Here you can find an archive of past columns.

Thursday, May 9, 2019

I'm Tired

We were trying to resuscitate an organization that existed in name only. I knew there was a need in my community, and I knew the mission of this organization filled the need, so I was hoping others would join me in bringing it back to life. My colleague Anne and I arranged a day-long retreat, and carefully planned a program that we hoped would support and inspire participants and begin to build the web of community we would need for the organization to continue.

The day was going pretty well- folks seemed to catch our vision, and we were enjoying being together. As we moved into the sleepy after-lunch time we were planning to talk about our vision for the future. We spread out a big sheet of empty paper for us to fill in our ideas. My esteemed colleague who was to lead that section gave a big sigh and said “I’m tired, I just don’t have the energy for this.” I was alarmed! We had worked so hard to fill this event with life and enthusiasm, to give folks a positive, rewarding experience so they would want to stay engaged with the organization. I was tired too, we were all tired, and clearly the only thing to do was power through the end of the program. What was she doing?

After a silence she said “Does anyone else have some energy for this?” Another colleague, Cari, said, “Actually, I have some thoughts about this.” She picked up the markers, and began filling in ideas on the big empty page as she talked. Other colleagues chimed in and soon the paper was full of colorful ideas. My co-facilitator just observed as the conversation unfolded. The day ended with energy and enthusiasm for the future, and a commitment to meet again.

Here’s what I learned that day; so often I assume that I am indispensable. I assume that if something needs to be done, I am the only one who can do it. Even if my body and spirit are asking for a break, I expect myself to power through. But if I power through, I am not leaving room for guidance of the spirit. Why wouldn’t guidance come through our bodies? What if a felt sense of “not this, not now” was an important truth? Anne spoke her truth that day, the truth of what she was feeling in the moment: her tiredness, of her lack of energy. This made space for my colleague Cari to speak her truth- that she was excited and ready to step in.

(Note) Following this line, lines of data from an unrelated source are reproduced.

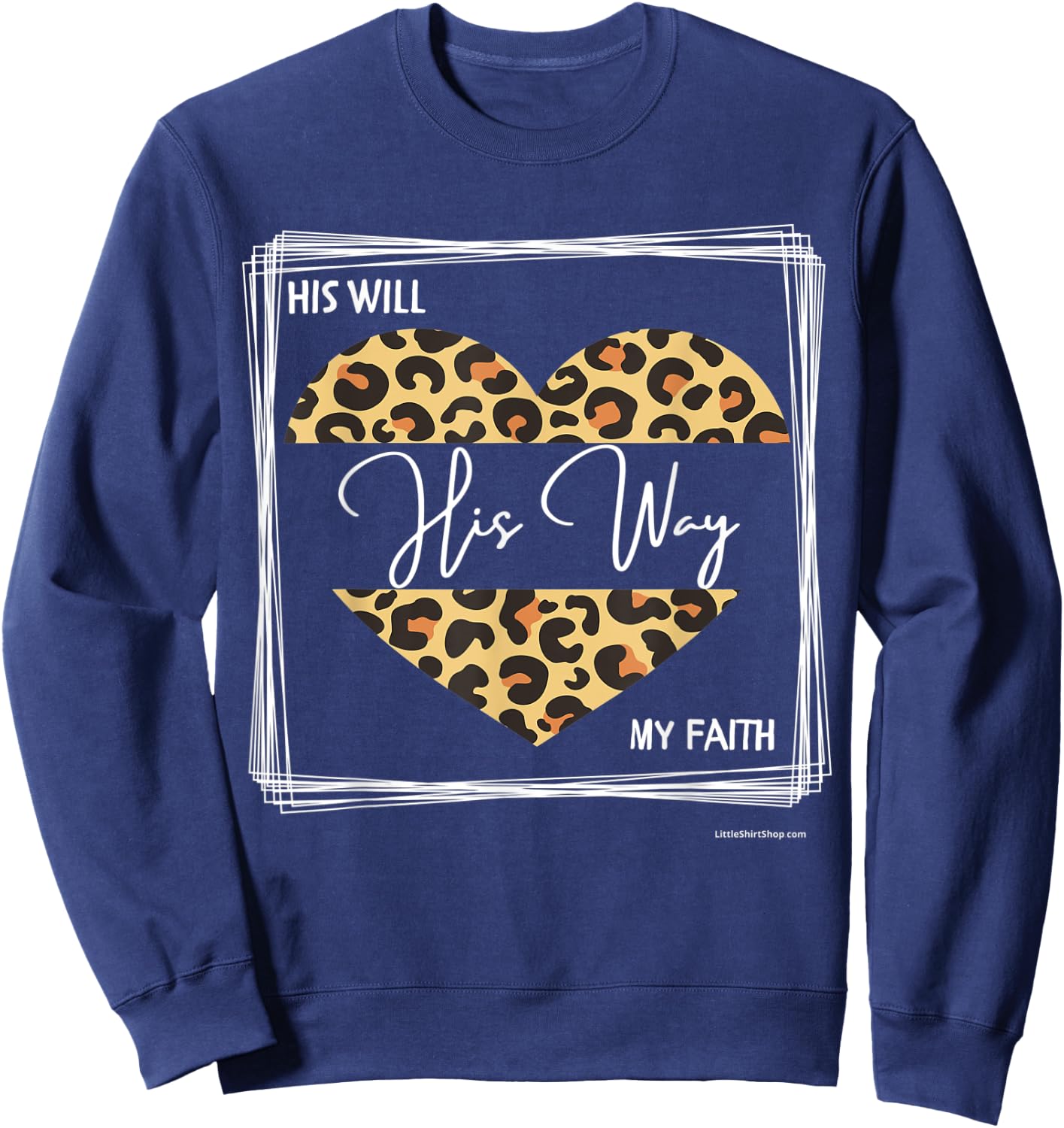 My Faith. Christian Church God Jesus Bible Verse Sweatshirt - Sweatshirt | Navy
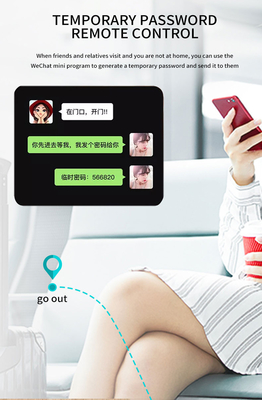 Glomarket Tuya TTlock empreinte digitale mot de passe Appartement Chambre à la maison Cerraduras Inteligentes Sécurité Smart Fermeture de porte en bois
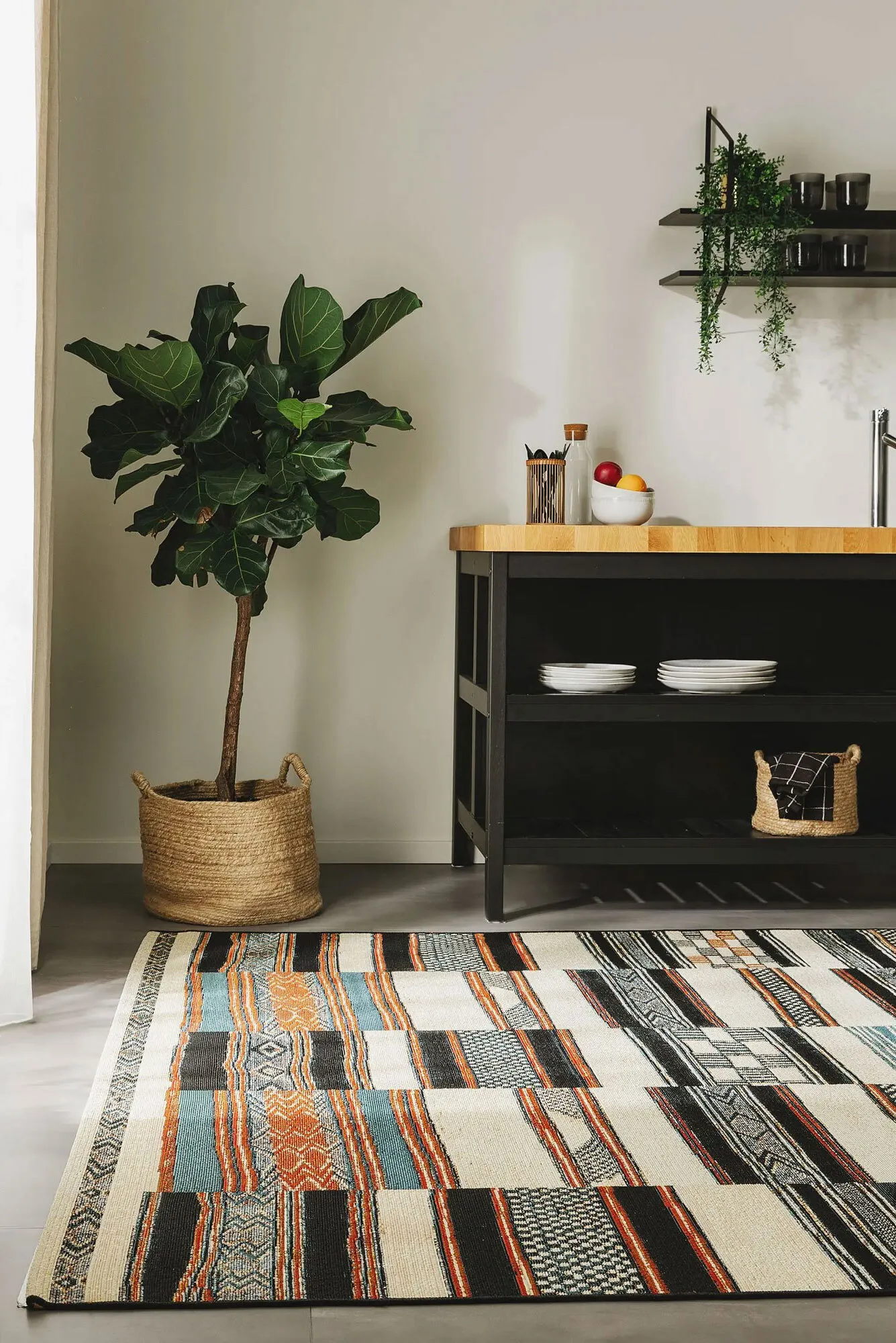 Aperto Tribal Geometric Rug(Size 240 x 80cm) RUNNER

If you are a fixer, a problem solver, if you are always the first to say “I can help with that,” it’s a leap of faith not to rush in and do the thing that cries out to be done. It’s a leap of faith to be authentic and honest, rather than ignoring the messages of body and spirit saying “I’m tired” or “this doesn’t feel right” and powering through. It requires faith that we are not alone- faith that we are part of a web of community larger than ourselves. Can we have faith that if the spirit is truly calling us to do something, spirit will help make it happen like a stream helps the paper boats that children set on the water and release?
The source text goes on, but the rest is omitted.